How do I find a 95% percent ML confidence interval of the probability of category 5 strength Let ${\bf X} = (X_1, \dots, X_n)$ denote the log-intensities of all $n = 291$ tropical cyclones from the north Atlantic basin between 1980 and 2006. Log-intensity is defined as the logarithm of its maximum sustained windspeed (measured in knots). A tropical cyclone is a category 5 hurricane if its maximum sustained windspeed is 137 knots or more, i.e. if its log-intensity is 4.92 or more. We are interested in the probability $p \in [0,1]$ of a tropical cyclone attaining category 5 strength. Consider the following model: $X_i \overset{{\rm iid}}{\sim} \mathsf{Normal}(\mu, \sigma^2)$, where $\sigma = 0.33, \mu \in (-\infty, \infty)$. Under this model $p = \Phi\left({\mu - 4.92 \over \sigma}\right)$ where $\Phi(x)$ denotes the standard normal CDF. Find the 95% ML confidence interval for $p$ based on the following summaries of the data $$\bar x = 4.21 \quad \sqrt{n} = 17.06 \quad \#\{x_i \ge 4.92\} = 9$$

My Work
The formula for an ML interval for $X_i \overset{{\rm iid}}{\sim} \mathsf{Normal}(\mu, \sigma^2)$ with known $\sigma$ is $B_c(x) = [\bar X \mp c{\sigma \over \sqrt{n}}]$. Calculating along these lines, for $c = 1.96$ as the $z$ value that leaves $0.05$ probability in the two tails combined of the normal pdf, I get $B_{1.96}(x) = [4.172, 4.247]$, but when I try to evaluate the endpoints of this interval for $p$ given that $\Phi(x)$ is a monotone transformation, I get nonsense answers. What am I doing wrong?

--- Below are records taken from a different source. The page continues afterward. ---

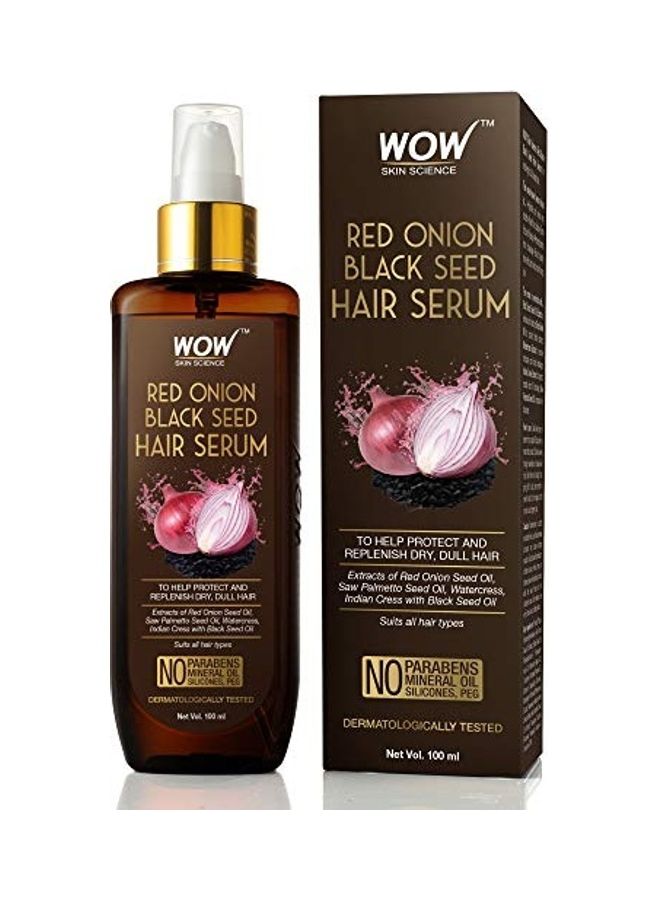 WOW Red Onion Black Seed Hair Serum Multicolour 100ml - Image 1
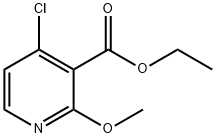 3-Pyridinecarboxylic acid, 4-chloro-2-Methoxy-, Methyl ester 结构式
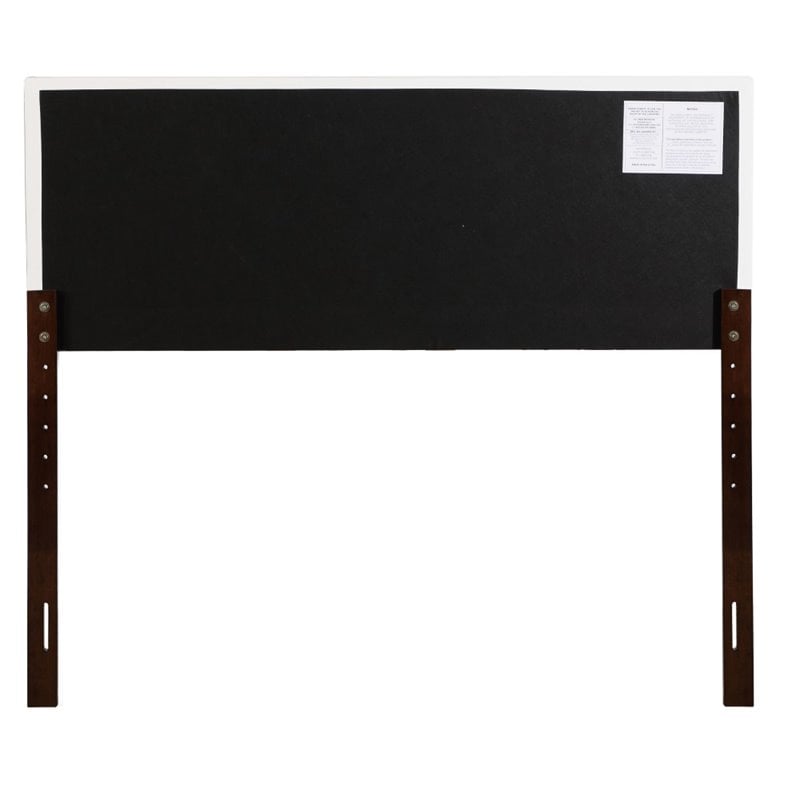 Glory Furniture Nova Faux Leather Upholstered Queen Headboard in White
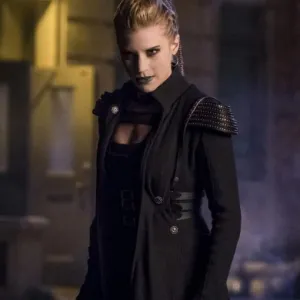 Katee Sackhoff Black Coat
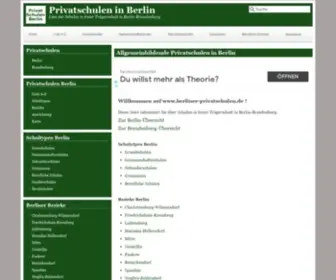 Berliner-Privatschulen.de(Liste der Berliner Schulen in freier Trägerschaft) Screenshot
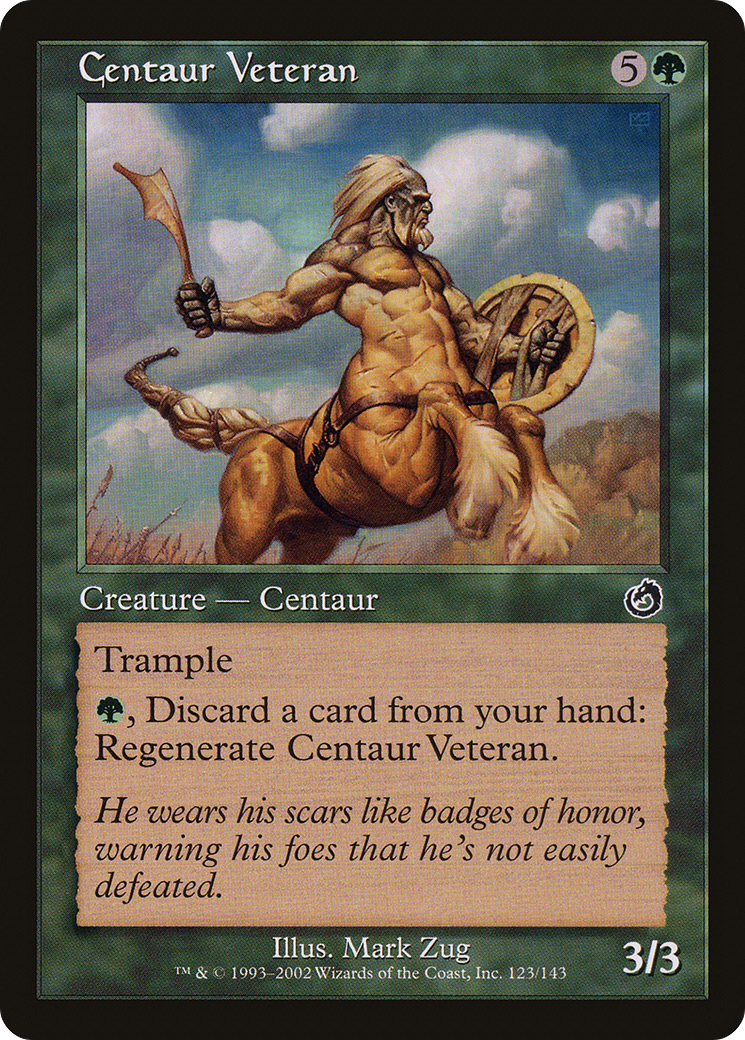Centaur Veteran (TOR-123) - Torment - Premium MTG Single from Wizards of the Coast - Just $0.08! Shop now at Game Crave Tournament Store
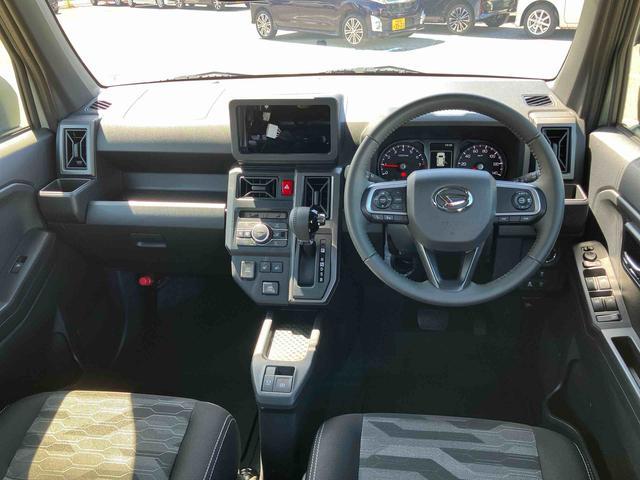 タフトＧターボ　ダーククロムベンチャー前後ダークガーニッシュ　ガラスルーフ　ルーフレール　１５インチアルミ　ＬＥＤヘッドライト＆フォグランプ　バックカメラ　シートヒーター　電動駐車ブレーキ　自動追従クルコン　衝突被害軽減ブレーキ（千葉県）の中古車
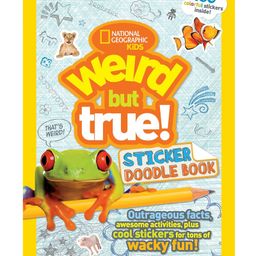 Weird But True Sticker Doodle Book Sticker Book - English-16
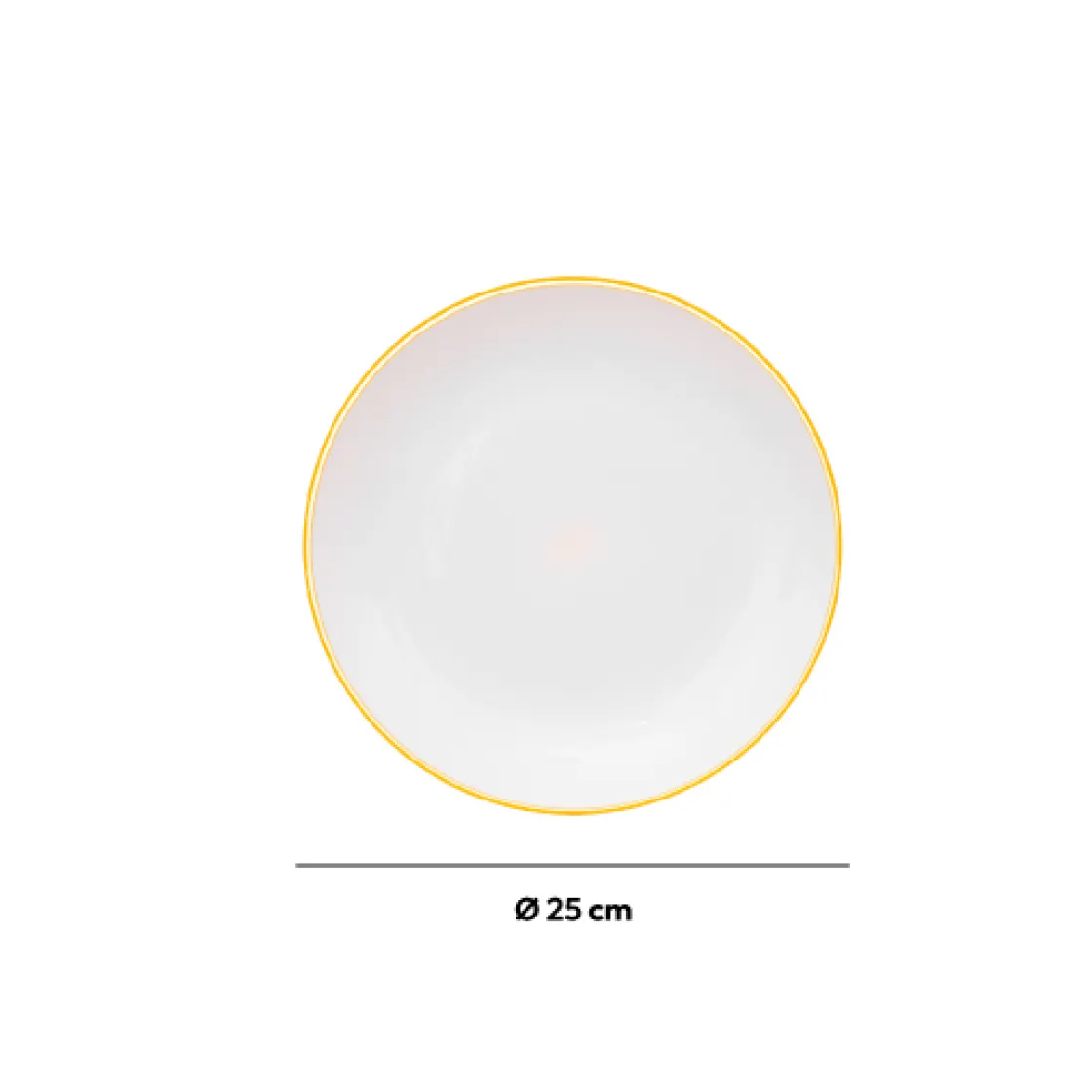 5five Assiette 25 cm, Jaune moutarde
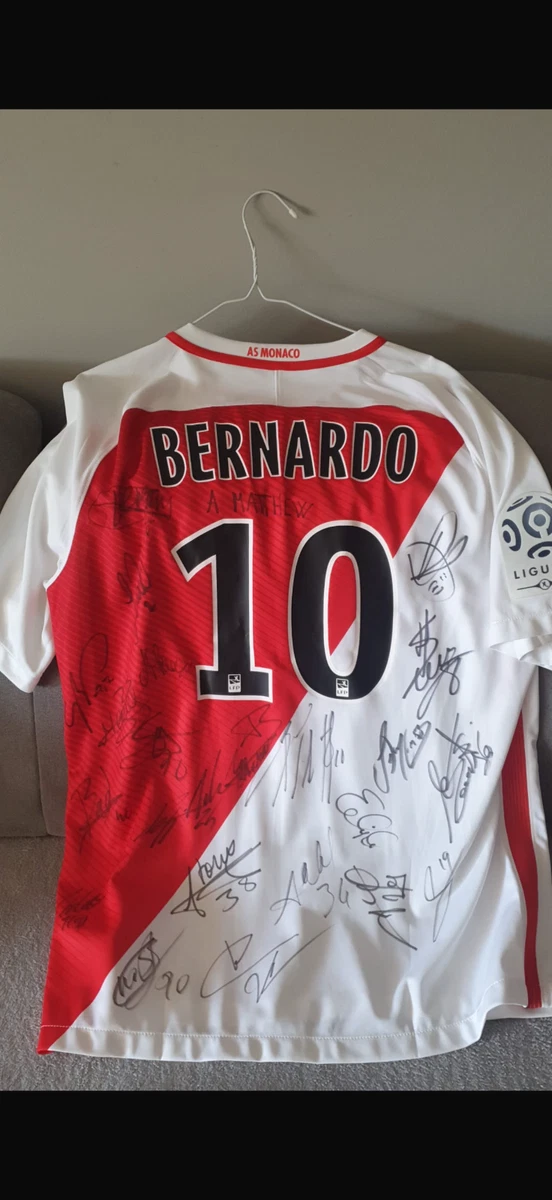 Maillot Domicile AS Monaco 2005-2006 – Puma, XL, Manches Courtes, état Moyen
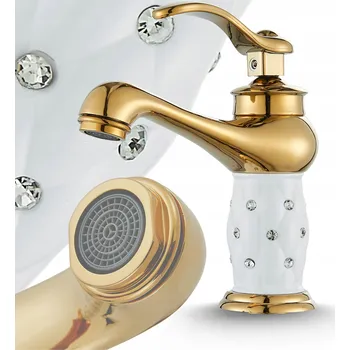 Vodovodní baterie Stojánková umyvadlová baterie Ari Aristo zlatá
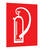 Feuerlöschgerät Fahnenschild, Alu, langnachleuchtend, Safety Marking, 2,2x15x15,5cm BGV A8 F05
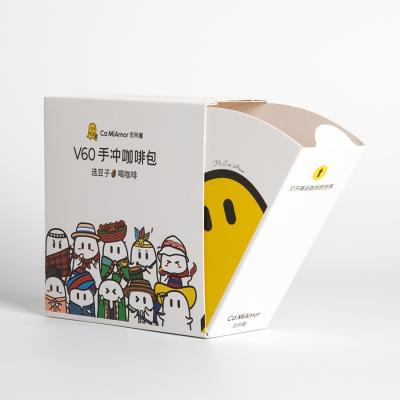 China Ribbon Accessories Plastics Liner White Thick Durable Paperboard Tuck Boxes for Tea Packing Design Your Logo Colour for sale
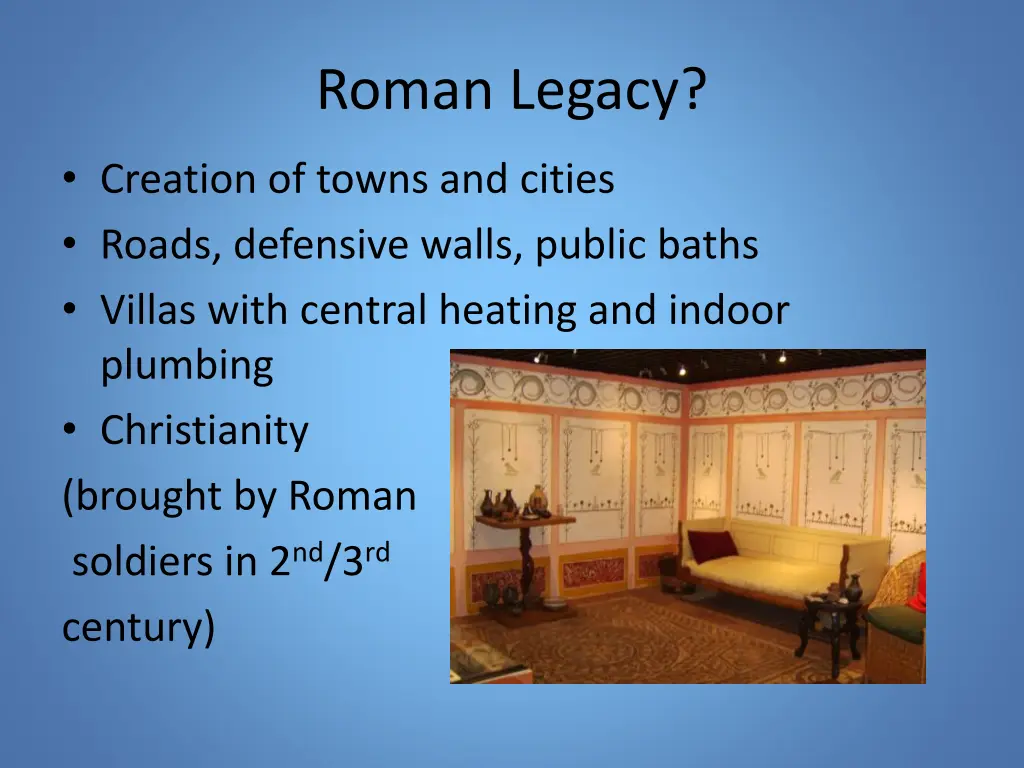 roman legacy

Also, this will never be handed in for any class, I simply came across this problem and wondered how it could be solved. 
 A: Your logic is correct.  Based on the estimated mean and standard deviation that you have for the wind speeds I checked that you constructed a 95% confidence interval for the mean correctly on the log scale.  Using the exponential transformation on the scale of the original speed measurement (knots)  the interval I get is approximately [64.85, 69.96].
What do you think is wrong with that?  Note that on the log scale 4.92 is far above the upper limit of the interval.  Also only 9 of the 291 observations are above 4.92. which means on the scale of knots only 9 cases are abobe 137 knots.  Hurricane speeds are much higher than normal wind speeds so most of the other observed speeds are going to be much lower than 137 (apparently more likely to be in the range 60 to 70 knots).
If you are confused because 137 is far above 69.96 don't be.  4.92 is far above 4.25 on the log scale also.  All this is telling you is that category 5 hurricanes have winds speeds far above the average speeds observed in the north Atlantic basin over the time period from 1980 to 2006.  There should be nothing surprising about that conclusion.
But if you want to answer the question in the title of your problem the confidence interval for the mean doesn't answer your question.  You should take the fitted normal distribution and calculate the probability for the interval from [4.92, ∞) to estimate that probability.